If you are wondering just what I mean when I say the "Spirit of St. Nick," the simple answer is putting others first and giving abundantly to meet their needs.
Seeing the title of this article, you are bound to think that I have fallen off my rocker and dented my kippah. But if you will stay with me for a few paragraphs, I think that you will find we are on the same page (and I have not, in fact, gone meshuga).

My topic is partially due to the drop in temperature here in Indiana, partially because local merchants begin noticeably decorating for Christmas as early as mid-October, and partially because I have been contemplating Paul's message of love and charity. Because of these trains of thought, I felt the Spirit of St. Nick was a relevant subject for a holiday article.

If you are wondering just what I mean when I say the "Spirit of St. Nick," the simple answer is putting others first and giving abundantly to meet their needs. Here is a quick little tour through time that will take us from the Apostle Paul to the Santa Claus sitting in your neighborhood mall. Are you still with me?

Within all of us is a God-given basic nature to give out of ourselves to others. In some this nature is extremely evident in service to their fellow man, while unfortunately in a few it is masked by selfishness and is almost indistinguishable.

For the rest there is every measure of actions and attitudes that range from charitable to self-serving in nature. But at the heart of every human, because we were formed in the likeness of God, is a core need to give to others.

No matter how nasty someone has become or perverted by the world, somewhere deep inside that need still resides. I always thought that the Dr. Seuss story of How the Grinch Stole Christmas illustrates that concept in an elementary yet profound way.

Most of us can quote John 3:16, but did you ever take a close look at the wording? God loved, so He gave. Of course as believers we know that He gave the ultimate gift to us in His son Jesus.

This is the very nature of our heavenly father and it is this nature that He placed in us. Paul even went as far as to say in his letters to the Corinthians, that this love towards each other was the most powerful anointing that has been placed in us.
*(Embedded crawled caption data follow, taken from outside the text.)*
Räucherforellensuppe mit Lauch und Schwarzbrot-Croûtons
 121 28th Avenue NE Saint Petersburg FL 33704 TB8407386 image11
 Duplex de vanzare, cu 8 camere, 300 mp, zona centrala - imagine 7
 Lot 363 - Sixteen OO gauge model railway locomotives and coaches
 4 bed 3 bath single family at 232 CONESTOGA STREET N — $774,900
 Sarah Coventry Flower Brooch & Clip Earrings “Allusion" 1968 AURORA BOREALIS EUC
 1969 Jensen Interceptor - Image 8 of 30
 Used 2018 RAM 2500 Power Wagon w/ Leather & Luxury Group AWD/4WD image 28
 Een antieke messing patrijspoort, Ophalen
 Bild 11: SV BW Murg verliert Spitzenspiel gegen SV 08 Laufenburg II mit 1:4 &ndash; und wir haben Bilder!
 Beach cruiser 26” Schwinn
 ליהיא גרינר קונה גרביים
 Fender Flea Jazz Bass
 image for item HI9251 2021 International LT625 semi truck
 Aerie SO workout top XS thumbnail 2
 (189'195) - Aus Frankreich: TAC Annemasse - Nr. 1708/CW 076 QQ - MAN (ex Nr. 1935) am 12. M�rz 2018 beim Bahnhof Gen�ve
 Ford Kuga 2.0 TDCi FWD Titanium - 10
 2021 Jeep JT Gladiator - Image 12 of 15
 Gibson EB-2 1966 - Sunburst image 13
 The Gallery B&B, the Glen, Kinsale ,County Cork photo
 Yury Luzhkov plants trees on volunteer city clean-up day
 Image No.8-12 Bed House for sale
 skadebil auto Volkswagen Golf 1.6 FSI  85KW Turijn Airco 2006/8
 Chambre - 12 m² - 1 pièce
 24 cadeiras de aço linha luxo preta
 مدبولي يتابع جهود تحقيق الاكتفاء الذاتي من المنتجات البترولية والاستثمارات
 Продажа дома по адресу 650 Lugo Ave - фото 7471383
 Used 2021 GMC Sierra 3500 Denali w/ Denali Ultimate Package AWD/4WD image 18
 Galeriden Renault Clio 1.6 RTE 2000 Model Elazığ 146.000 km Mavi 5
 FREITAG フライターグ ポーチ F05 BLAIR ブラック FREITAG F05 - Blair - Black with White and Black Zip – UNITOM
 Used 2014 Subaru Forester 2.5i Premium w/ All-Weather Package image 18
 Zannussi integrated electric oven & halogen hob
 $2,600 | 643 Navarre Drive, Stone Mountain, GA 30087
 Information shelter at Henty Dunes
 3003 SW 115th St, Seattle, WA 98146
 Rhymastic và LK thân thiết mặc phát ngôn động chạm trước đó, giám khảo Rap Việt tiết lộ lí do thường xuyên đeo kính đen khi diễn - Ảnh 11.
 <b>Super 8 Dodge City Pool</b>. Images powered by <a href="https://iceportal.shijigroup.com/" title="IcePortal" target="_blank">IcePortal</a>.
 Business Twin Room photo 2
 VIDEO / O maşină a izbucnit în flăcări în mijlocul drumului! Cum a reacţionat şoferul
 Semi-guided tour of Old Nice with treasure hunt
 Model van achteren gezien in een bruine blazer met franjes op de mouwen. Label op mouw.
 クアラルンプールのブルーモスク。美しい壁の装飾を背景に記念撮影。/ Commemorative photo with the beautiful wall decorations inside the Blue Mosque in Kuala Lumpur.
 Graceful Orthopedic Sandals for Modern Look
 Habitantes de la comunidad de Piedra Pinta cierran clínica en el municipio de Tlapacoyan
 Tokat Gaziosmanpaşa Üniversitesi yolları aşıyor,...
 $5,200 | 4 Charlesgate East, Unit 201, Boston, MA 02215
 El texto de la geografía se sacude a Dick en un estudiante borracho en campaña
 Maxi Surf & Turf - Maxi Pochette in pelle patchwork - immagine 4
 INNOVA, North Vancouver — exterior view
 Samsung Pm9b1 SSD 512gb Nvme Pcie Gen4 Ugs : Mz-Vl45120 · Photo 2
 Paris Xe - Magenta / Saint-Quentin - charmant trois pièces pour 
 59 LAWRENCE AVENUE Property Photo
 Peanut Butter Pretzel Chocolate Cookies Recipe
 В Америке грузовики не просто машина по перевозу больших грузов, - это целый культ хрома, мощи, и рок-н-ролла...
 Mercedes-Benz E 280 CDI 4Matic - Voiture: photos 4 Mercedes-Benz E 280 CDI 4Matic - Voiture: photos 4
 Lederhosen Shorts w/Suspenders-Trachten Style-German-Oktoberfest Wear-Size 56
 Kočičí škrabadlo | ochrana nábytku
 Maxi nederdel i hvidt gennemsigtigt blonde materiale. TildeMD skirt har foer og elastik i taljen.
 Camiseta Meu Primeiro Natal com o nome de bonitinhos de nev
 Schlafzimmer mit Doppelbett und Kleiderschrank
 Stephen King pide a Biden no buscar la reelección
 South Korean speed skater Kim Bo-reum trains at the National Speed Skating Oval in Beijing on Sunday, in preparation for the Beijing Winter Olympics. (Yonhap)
It is what fuels all other anointing and gifts. Jesus was absolutely aware of the power of love. Just look at what the Bible tells us about the miraculous healings by the hand of Christ. In each instance we are told that He healed with compassion (love). Throughout the history of man, humankind has perverted the worship of our creator and placed false reverence on imaginary gods.

Oddly enough, in most every pantheon of counterfeit deities, there is at least one if not several spiritual beings who exhibit the trait of blessing humans with gifts and favors. Take for instance the Teutonic god of the air, Wodan the Wanderer (Odin), who supposedly gave gifts to children when they left straw and carrots in their boots for his flying horses.

Then there is the Norse/Germanic god of thunder, Thor, who road through the air on a chariot pulled by goats. Thor was said to be jolly and charitable during the winter solstice, whereas he would slide down chimneys leaving good children trinkets and sweets.

I am sure that you are starting to put the puzzle pieces together already. There is the Dutch folk figure of Sinterklaas who wore a red suit and white beard and then the invented character of Martin Luther, Christkindle (Christ-kind), which was later mispronounced Kris Kringle; both of these were supposed bringers of gifts and well being.

We mustn't forget the Catholic and Greek Orthodox figure of St. Nicholas, the patron saint of children, sailors, merchants, and yes, even prostitutes. Nicholas of Myra was a real man in circa 270 Lycia. Historically he was said to have emulated Christ's benevolence and charitable activities.

Nicholas was said to have given away all that he had for the benefit of others less fortunate, including his substantial inheritance. Later brought to sainthood by the Roman Catholic Church, St. Nicholas of Myra was often spoken of as St. Nick.

As you can easily see components of each of these mythological and historical characters were compiled together lending to today's version of jolly old St. Nick or Santa Claus.

The modern personification of the fat man in the red suit was further refined by Washington Irving, the author of The Legend of Sleepy Hollow and Rip Van Winkle; theology professor Dr. Clement Clark Moore, who wrote A Visit from St. Nicholas in 1822; and the Coca Cola company beginning in the 1920s. But what I really want you to see is the common thread that they all share.

From pagan deities to patron saints to soft drink advertising, the Spirit of St. Nick seems to be the same; and that is a spirit of selfless giving to others in order to bring joy and fulfillment in them.

However dear brothers and sisters do not be deceived by the warm fuzzy feelings we can get from all the propaganda of a pseudo-gift giver. Although the world has tried to mask it with graven images, let's not forget that that deep yearning to bless others comes from the personality of God placed in each one of us.

Please know that I am not advocating Kris Kringle, Odin, or any other likeness of Santa Claus. What I want you to realize is that during this season of warm-hearted charity, be very aware that it is not the Spirit of St. Nick which compels you to bless with open hands, but it is the very Spirit of God who instructs you!